▸ ABOUT THIS TASK: Please write out all of the data below exactly, without including the pictures.

_____

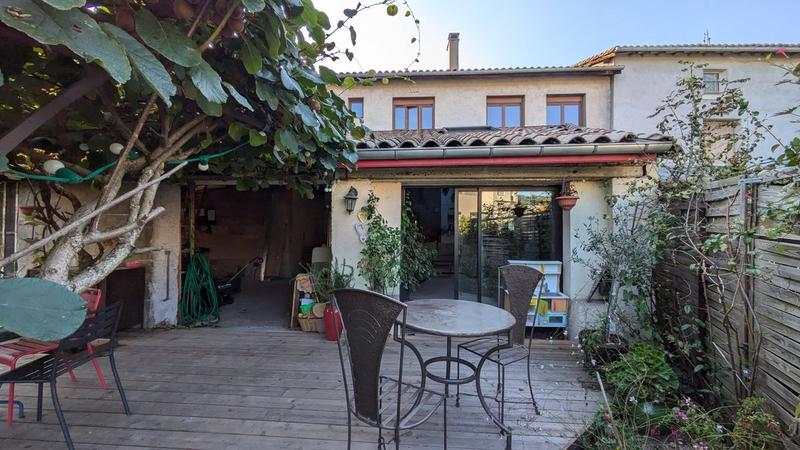 Maison de village - 150 m² - 4 pièces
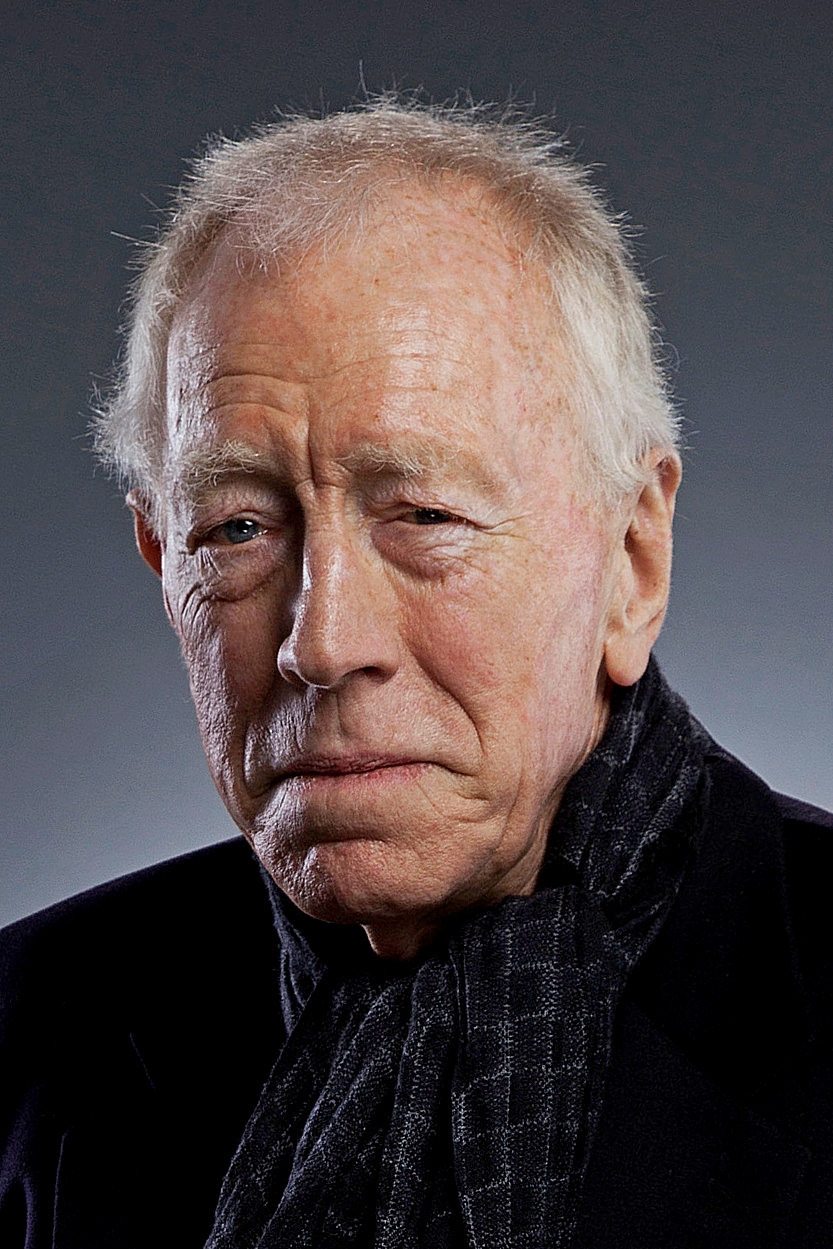 Max von Sydow - Peter Ingham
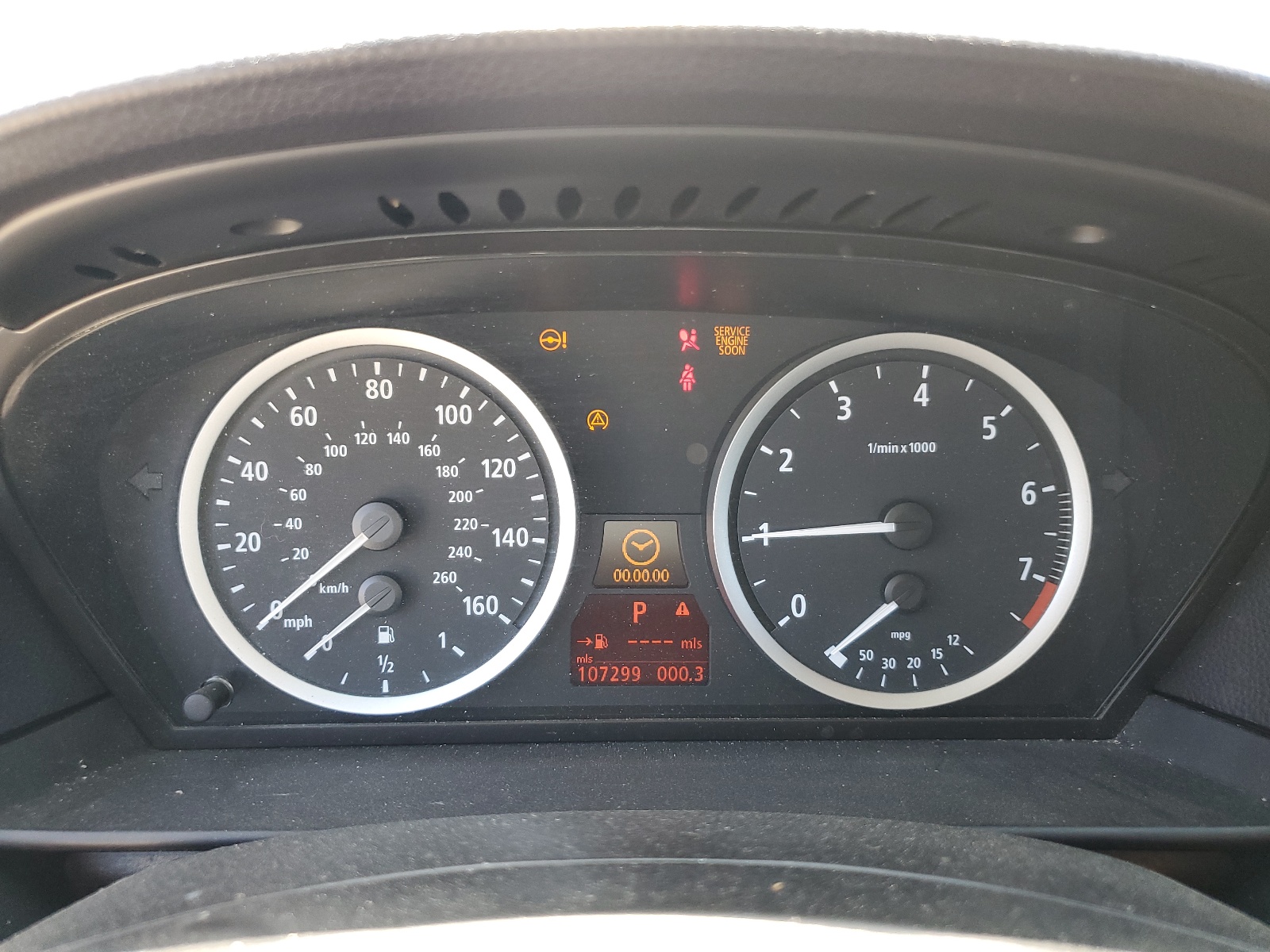 WBANE735X6CM31196 2006 BMW 530 I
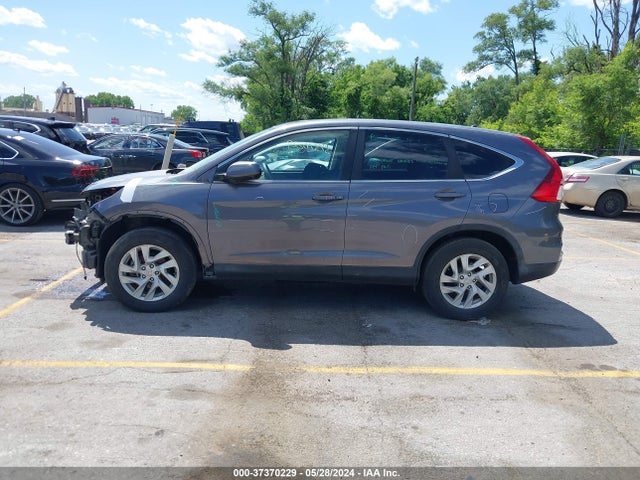 Honda CR-V EX 2016 5J6RM4H5XGL020603 Image 15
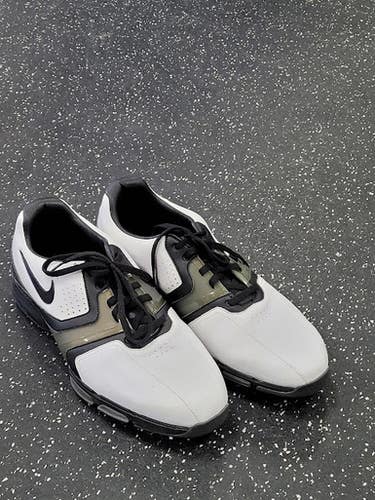 Used Nike Mens Golf Shoes White Senior 11.5 11849-S000037466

_____

▸ REPLY TO THE TASK:
 Maison de village - 150 m² - 4 pièces
 Max von Sydow - Peter Ingham
 WBANE735X6CM31196 2006 BMW 530 I
 Honda CR-V EX 2016 5J6RM4H5XGL020603 Image 15
 Used Nike Mens Golf Shoes White Senior 11.5 11849-S000037466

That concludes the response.